Aller voir en 2017 une comédie dont le fil directeur est le retour d'un frère converti à un Islam intégriste est un pari. Est-ce que le sujet, grave et pesant, sera abordé de façon superficielle, ou bien le film posera-t-il, via le ton de l'humour, de bonnes questions?
Seulement, le retour du frère n'est que l'élément déclencheur d'un récit sophistiqué, au sens positif du terme. La trame va bien au-delà.
C'est même tout un programme philosophique: la rencontre du féminisme, du communisme, de l'intégrisme, de l'élitisme. Remplacer ces borborygmes par la mère, le père, le frère, le couple, et voilà la clé de réussite du film: les grandes idées laissent place à des personnes, des personnalités, du vivant. Camus, penseur on ne peut plus vivace, rappelle la logique mortifiante du culte des idé(ologi)es: "Mourir pour l'idée, c'est la seule façon d'être à la hauteur de l'idée". Dans ce film, cherchez l'idée, vous trouverez la vie, vous trouvez l'humain.
C'est même tout un jeu esthétique avec le voile intégral, jeu autant osé que maîtrisé : tantôt voile encombrant, impersonnel ; tantôt toile recueillant les désirs charnels.
J'aimerais citer les mots de la réalisatrice Sou Abadi, qui rappelle le tour de force et de beauté du film: célébrer "la spiritualité sans en faire un drapeau politique". Ce sont autant les vers que les versets, ce sont William Shakespeare, Victor Hugo et Mahmoud Darwich qui annoncent la victoire de l'humain et de l'amour sur l'obscurantisme et le rejet de l'autre.

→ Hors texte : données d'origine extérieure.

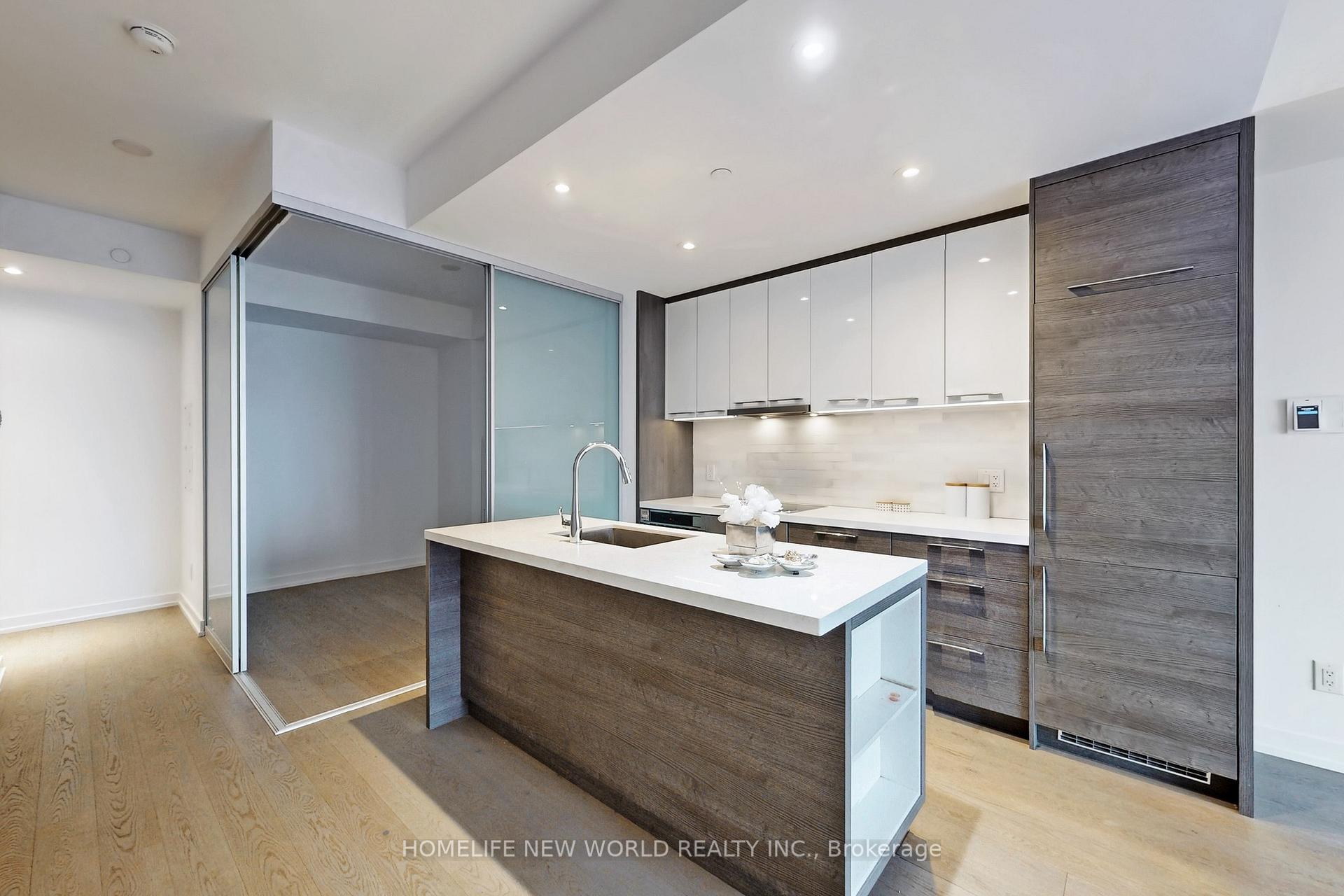 4501 - 488 University Avenue Toronto Ontario Canada Rent residential Jean White InCom Demo Office
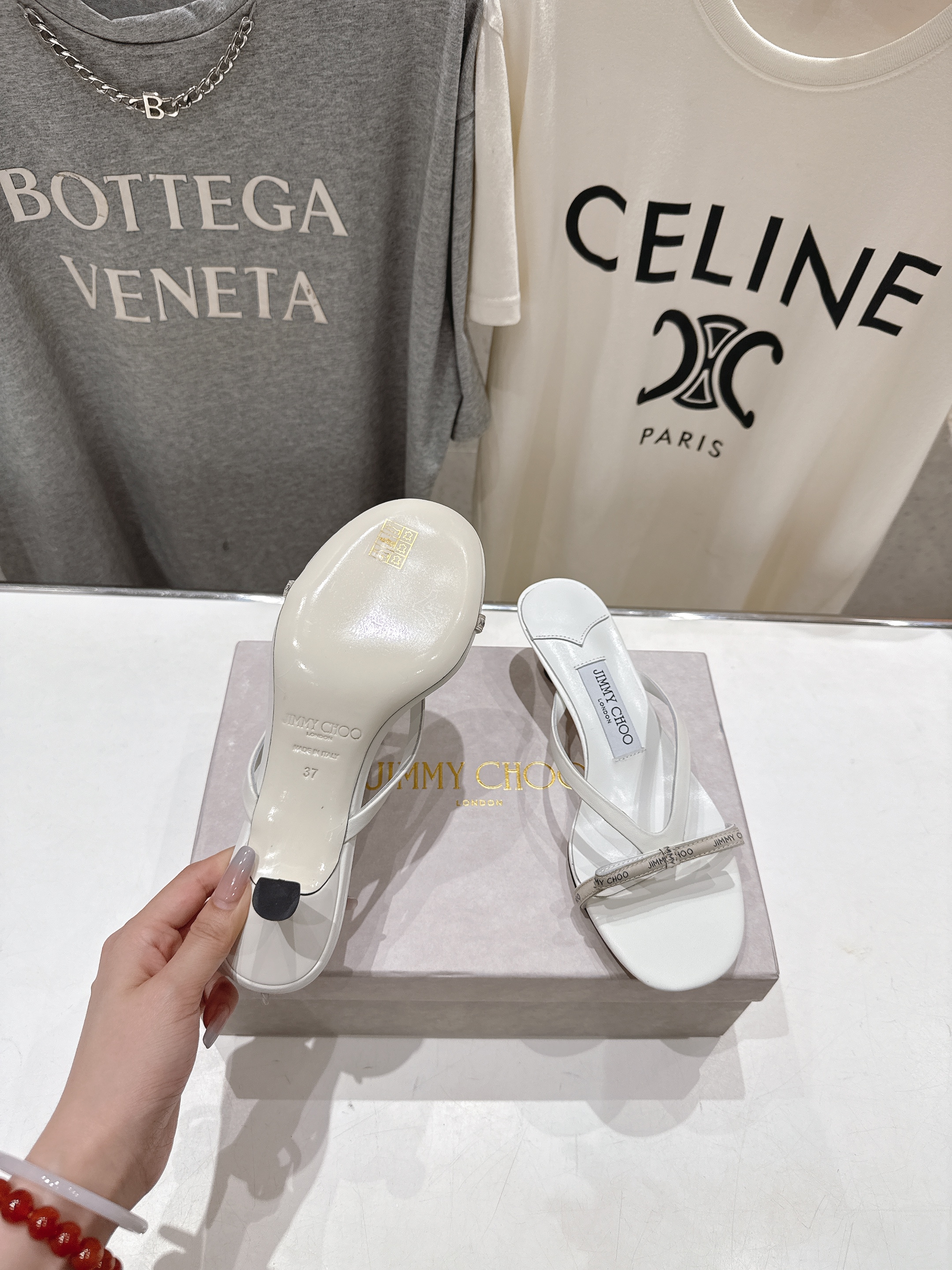 高版本出厂
  JIMMY CHOO｜JC/吉米周2025ss新款简约高跟鞋拖鞋

原版套楦，完美的线条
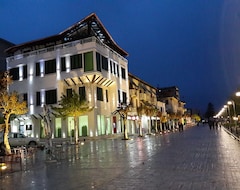 Khách sạn White City Hotel (Berat, Albania)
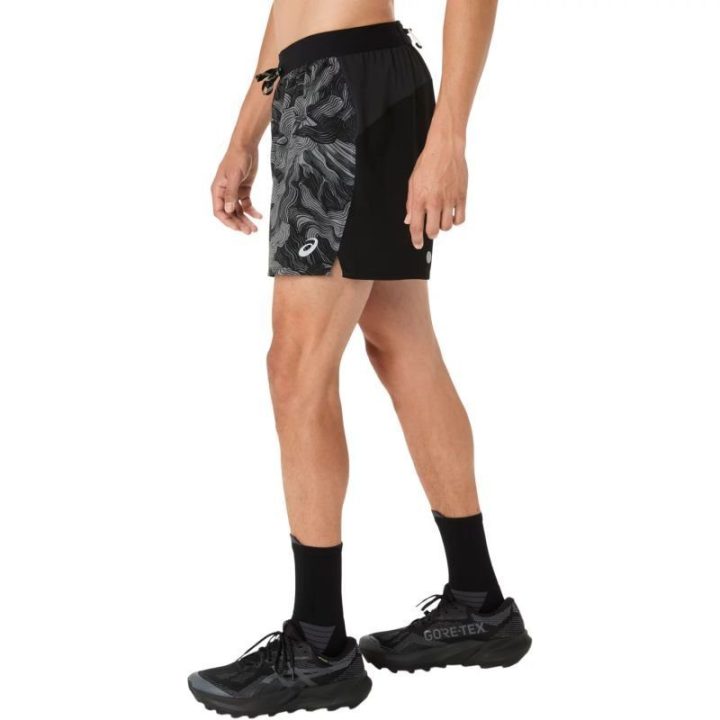 Šortai su raštu ASICS Fujitrail, 5 colių, juodi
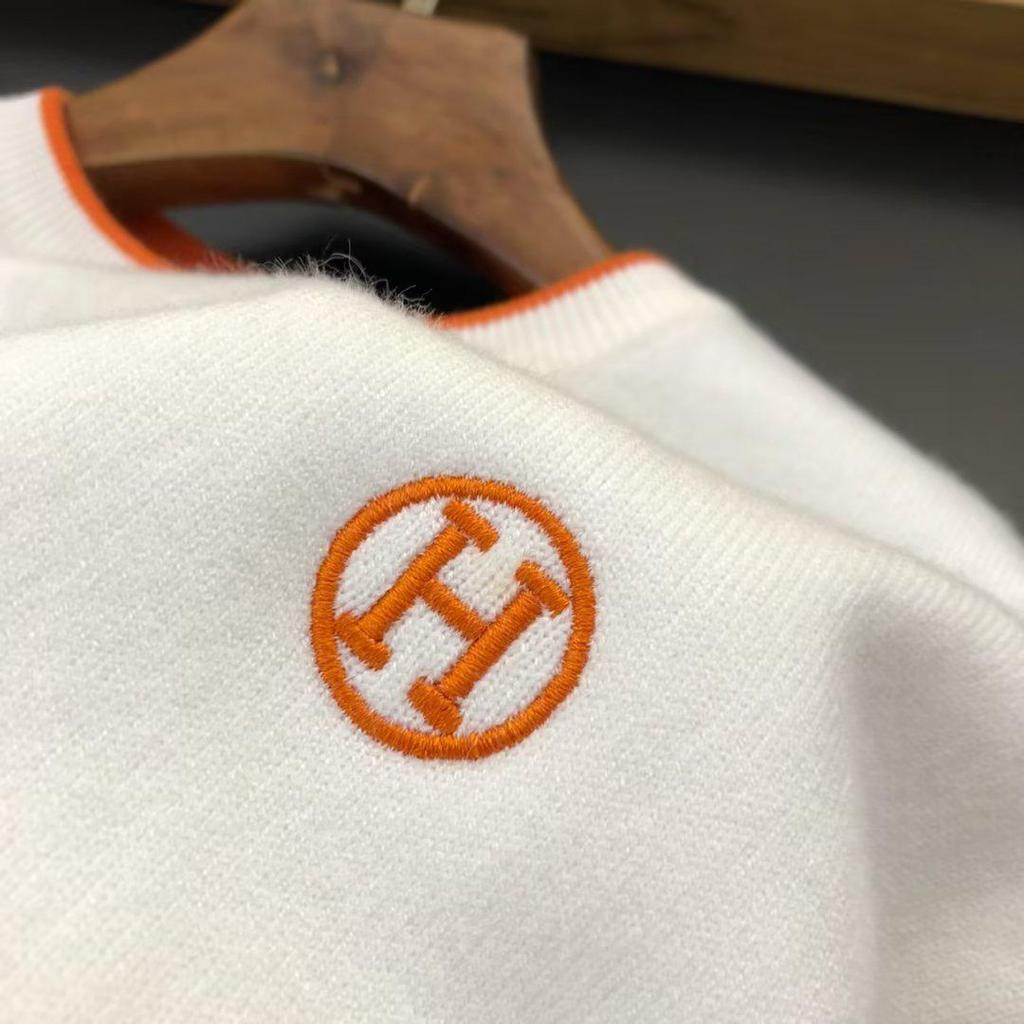 Trendy Chest-Embroidered Knit Sweater: Unisex Round Neck, Warm & Versatile for Autumn/Winter.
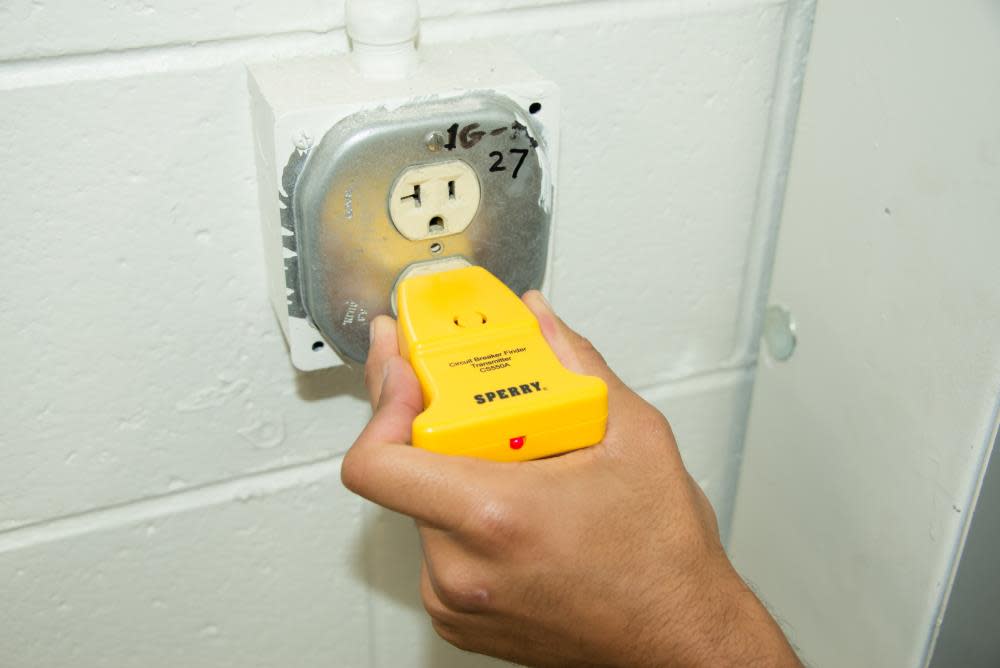 Gardner Bender Sperry Instruments CS550A Circuit Breaker Finder Identifies Correct Circuit or Fuse Audible/Visual Alert 120V AC 50 to 60Hz - Ascmtools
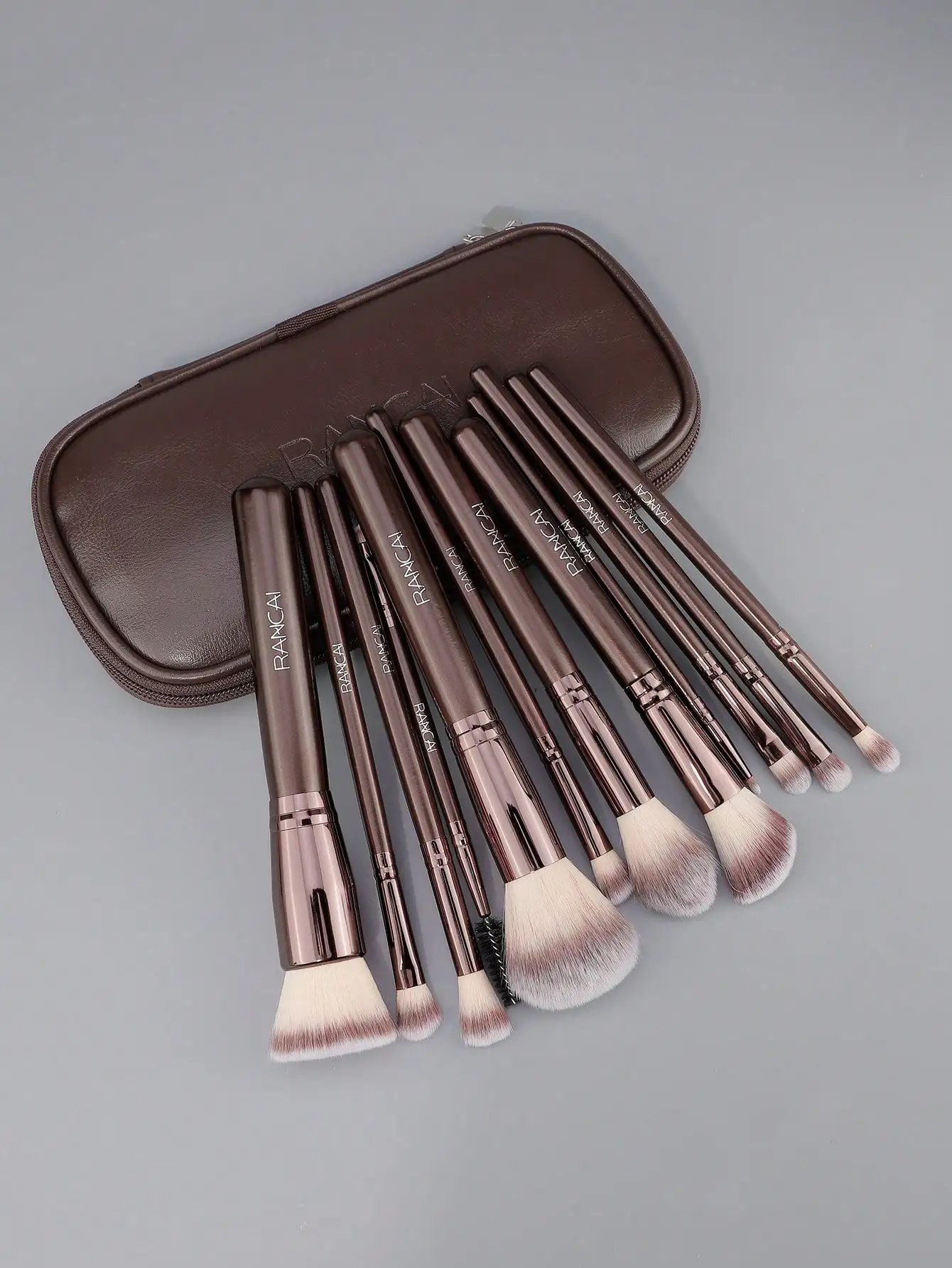 12pcs Brown Makeup Brush Set With PU Zipper Bag, Wooden Handle With Soft Synthetic Bristles, Suitable For Face And Eye Makeup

Les voix des personnages sont un bel écho aux paroles de Jean Gaudé dans son roman "Ecoutez nos défaites" (2016): "Nous avons lu de la poésie depuis trop longtemps, nous avons admiré des mosaïques trop longtemps, il ne peut y avoir de renoncement". Ne pas renoncer à aimer, à lire, à vagabonder, et à rire, à rire, à rire!